First, don’t wait until the last minute to do your shopping. You don’t need to go out over Thanksgiving weekend, but you probably shouldn’t wait until Christmas Eve. Procrastinating won’t give you time to compare prices, and you will typically buy anything you see without even considering the cost.
Next, shop with a list, and don’t get lured in by fancy “End Cap” items you don’t really need. If you can’t resist and make an impulse purchase, try to fit it into your list and cut out another item.
Additionally, use coupons and look for online discounts. Take the time to cut them out or download them onto your phone. Also, check for promises by merchants for refunds if the item drops in cost before New Year’s. Even saving ten percent can help.
I know we want our kids and grandkids to have wonderful holidays, but don’t rush out to buy something the minute children or teens express interest. Wait a few days or a couple of weeks to see if it’s a recurring request or just something they thought was cool. It’s also okay to tell them that you (or Santa) can’t bring everything, so they need to let you know what they want the very most.
The holidays are also an opportunity to teach our children to be generous.
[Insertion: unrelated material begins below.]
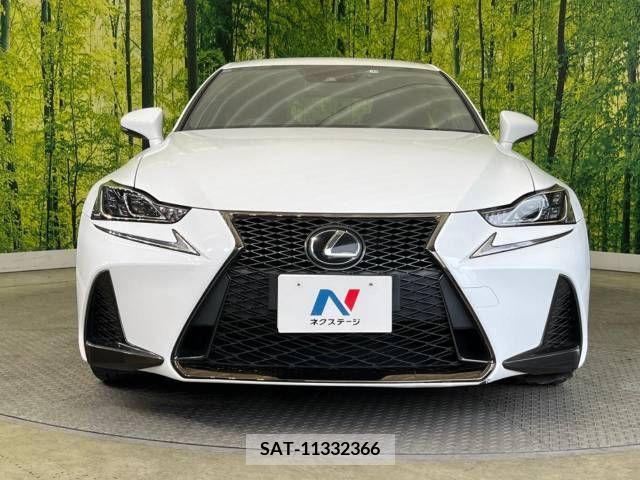 Lexus IS 2017-12 275497-14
Let them donate canned goods or help serve a holiday meal for the less fortunate. It’s also nice if they can purchase small gifts for siblings or friends. Dollar-type stores often have many fun items at low prices.
To help with next year’s costs, track your holiday spending this year, and remember to include the price of meals. Then, create a savings plan for 2024. If you can’t save enough in ten months, you might want to spend less.
Finally, remember that the real joy of the holidays is spending time together, not buying things. Create memories—even if it’s as simple as drinking hot chocolate while you drive around and look at lights. Better still, revive old family traditions. If you don’t have any, make some. You and your family and friends will treasure them forever.